In the latest chapter in the EU's escalating refugee crisis, Croatia, Hungary and Slovenia tussled over how to cope with a wave of refugees desperate to reach northern Europe.

The European Union, meanwhile, sketched plans to boost aid to encourage Syrians in Turkey to stay put rather than join the exodus.

In a new hurdle aimed at stemming the inflow, Hungary said it had completed a 41-kilometer (25-mile) barbed-wire barrier along part of its frontier with fellow EU member Croatia.

It "was finished overnight Friday," defense spokesman Attila Kovacs told Agence France Presse in Budapest.

The remaining 330 km of the border runs roughly along the Drava river, which is difficult to cross.

The new barrier adds to a barbed-wire fence that Hungary set down along its frontier with Serbia, and backed with laws threatening illegal migrants with jail.

That move sparked fierce condemnation internationally and forced the migrant flow towards neighbouring Croatia.

Reversing an open-door policy, Croatia on Friday said it was swamped and redirected the migrants back to Hungary.

Croatian Foreign Minister Vesna Pusic on Friday said that Zagreb and Budapest had agreed to allow "vulnerable migrants" to cross.

Austrian police said 6,700 people had arrived on its border from Hungary, and as many as 10,000 were expected by the end of the day.

They were then taken by bus or special train to various reception centres around Austria, police said.

Another branch of the refugee flow has been through Croatia and to Slovenia.

Hundreds of migrants spent the night in the open on the Croatian side of the border at Bregana, state-run HRT television reported.

At Harmica, several dozen migrants faced off with a cordon of riot police on the frontier bridge, demanding that Slovenian police let them enter the country, an AFP reporter saw.

Late Friday, police used tear gas against several hundred migrants, some with children, who had sought to push through the police line.

The clash happened shortly after Slovenian Prime Minister Miro Cerar said the small country might consider creating "corridors" for refugees wanting to reach northern Europe if they continue arriving in large numbers.

Slovenian police said on Saturday that 1,287 had arrived as of midnight Friday, of which 483 were from Afghanistan, 470 from Syria and 126 from Iraq.

- Migrant flow -

With no let-up in the flow of people desperate to find shelter in Europe from war and misery, new figures showed the EU received almost a quarter of a million asylum requests in the three months to June.

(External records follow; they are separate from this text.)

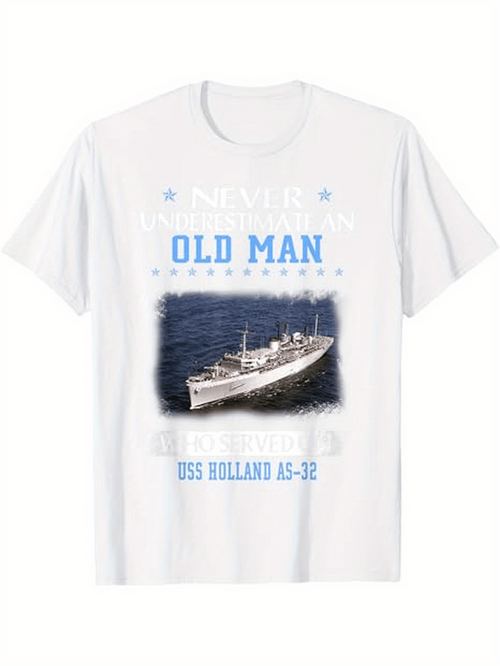 Men's Graphic T-Shirt Never Underestimate An Old Man With Uss Holland As 32 Warship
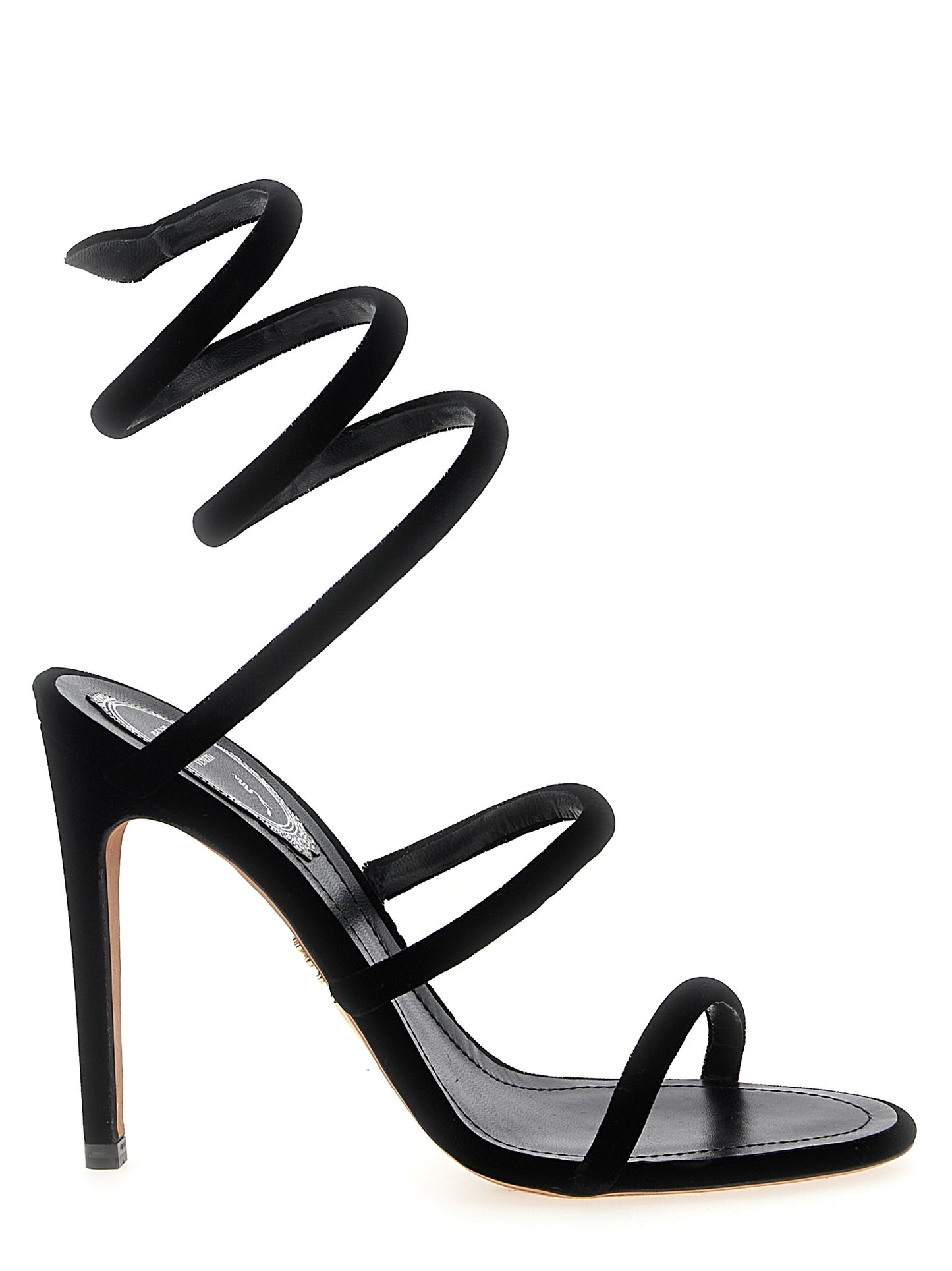 Stiletto Sandals by RENE CAOVILLA for women in velvet & leather black presents a sculptural silhouette, showcasing the Women's Velvet & Leather Stiletto Sandals design with a sculptural stiletto and for a premium look.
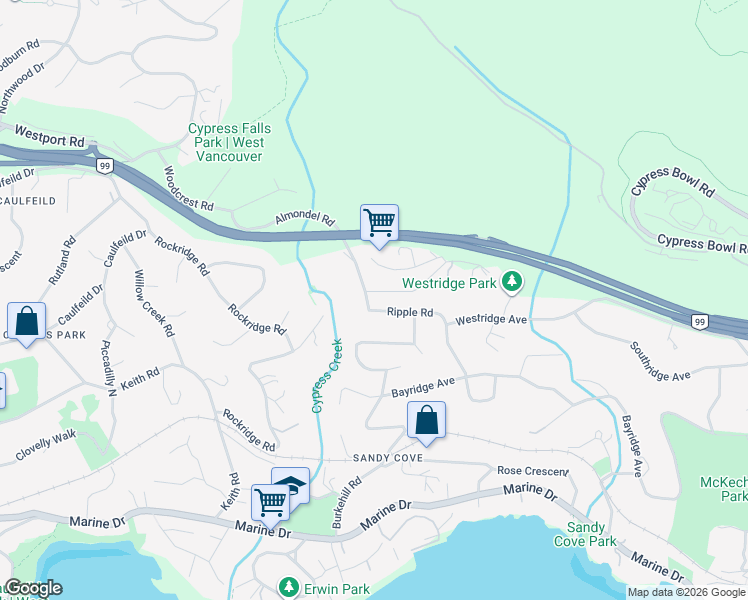 map of restaurants, bars, coffee shops, grocery stores, and more near in West Vancouver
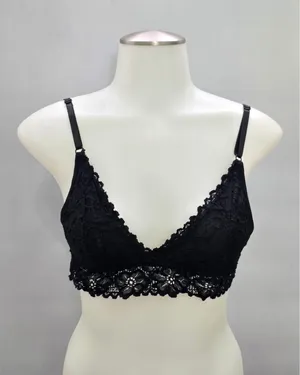 Black Goth Grunge Romantic Boudoir Bridal Cottage Lingerie Lace Bralette Small thumbnail 1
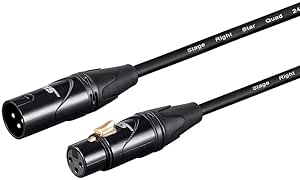 Monoprice Starquad XLR Male to XLR Female Microphone Cable - 15 Feet - Black, 24AWG, Optimized for Analog Audio - Gold Contacts - Stage Right Series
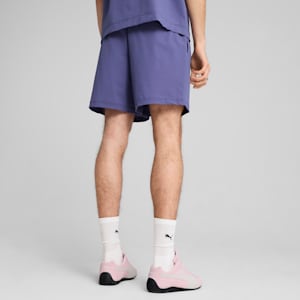 WARDROBE ESSENTIALS Men's Seersucker Relaxed 6" Shorts, Blue Crystal, extralarge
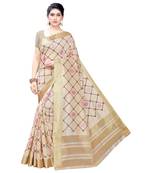 Cream Printed Art Silk Saree With Blouse For Women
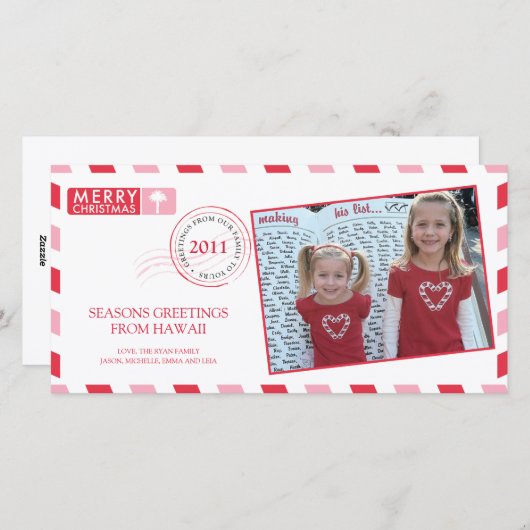 Grußkarte für Luftpost Feiertagskarte (Vorne/Hinten)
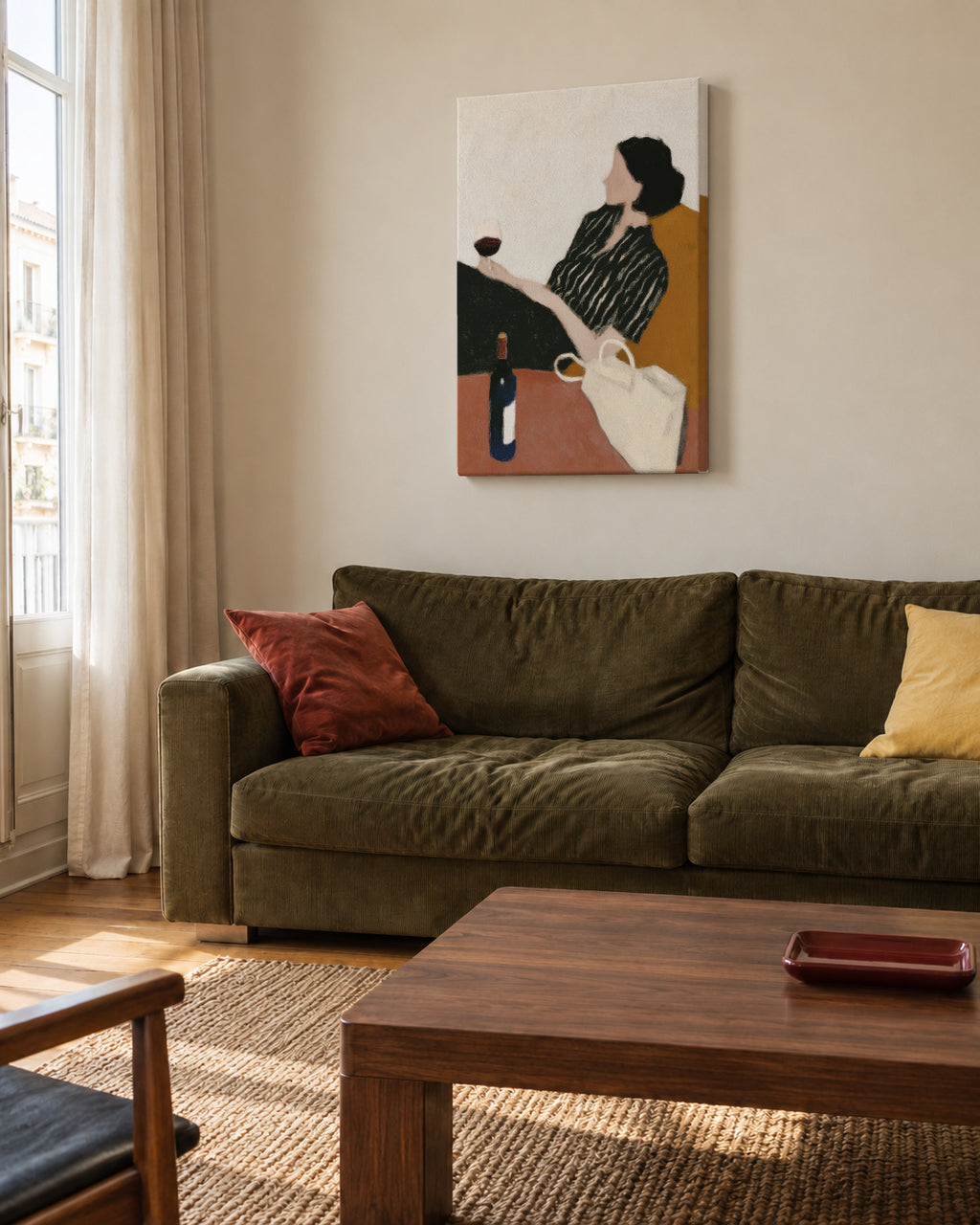 Terrace Thoughts - Unframed canvas in an interior
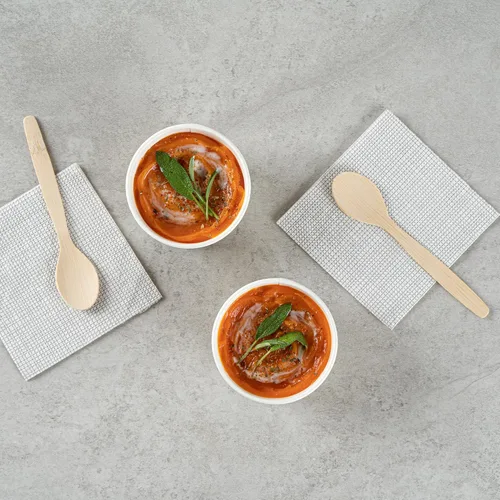 Vista 8 de Restaurantware Coppetta - Vasos de postre de 3 onzas, 50 tazas desechables para helado, tapas se venden por separado, cuencos de papel a cuadros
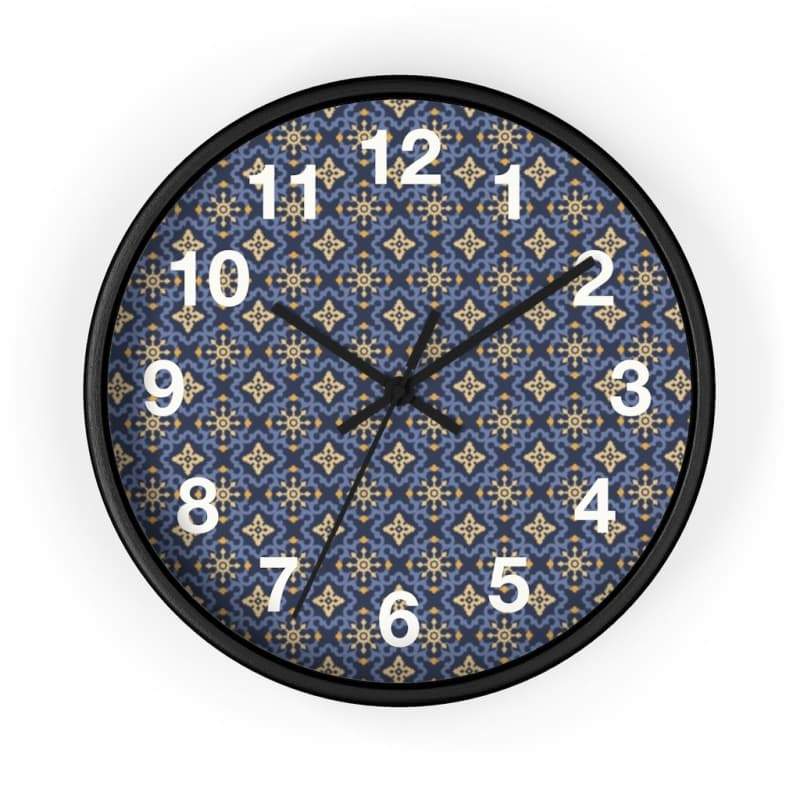 Matteo Wall Clock - 10 / Black / Black - Home Decor Art & Wall Decor, Black, Blue, Clock, Geometric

The International Organization for Migration (OIM) also said nearly 474,000 people had so far this year braved perilous trips across the Mediterranean to reach Europe.

Italy's coastguard on Saturday said it was coordinating 20 rescue operations in the Mediterranean that had picked up 4,540 people.

The continent's biggest migratory flow since the end of World War II has dug a deep rift between western and eastern EU members, with Hungary leading the hardline group.

Germany, Europe's biggest economy, is the great magnet for the refugees, many of whom are Syrians.

On Friday, Berlin warned it could invoke EU's majority voting system to force reluctant states to accept quotas of migrants.

Another worry is over the fate of the Schengen agreement, a pillar of the European project that allows borderless travel between member states.

In addition to fences or restrictions on parts of the border between Croatia, Hungary and Slovenia, there are identity checks that Germany, Austria and Slovakia have reimposed on parts of their borders, and Poland and The Netherlands are considering whether to follow suit.

EU interior ministers are to meet again on Tuesday, followed by an emergency summit on Wednesday.

- Turkish solution? -

Meanwhile, European Commissioner Johannes Hahn said Saturday the EU was earmarking aid of "up to one billion euros" ($1.13 billion) to encourage Syrian refugees in Turkey to stay there rather than join the outpouring of people heading to Europe.

The money will "help Turkey to deal with this challenge and (give) people (a) perspective to stay in the region in order to return back into their home region, home towns, as soon as this is possible," Hahn said.

The money will be taken from funds allocated for Turkey, Hahn said in a visit to a migrant reception center at Gevegilja, in Macedonia.

Of the more than four million Syrians who have fled their country, nearly half have sought shelter in Turkey, while more than a million are now living in Lebanon and nearly 630,000 in Jordan.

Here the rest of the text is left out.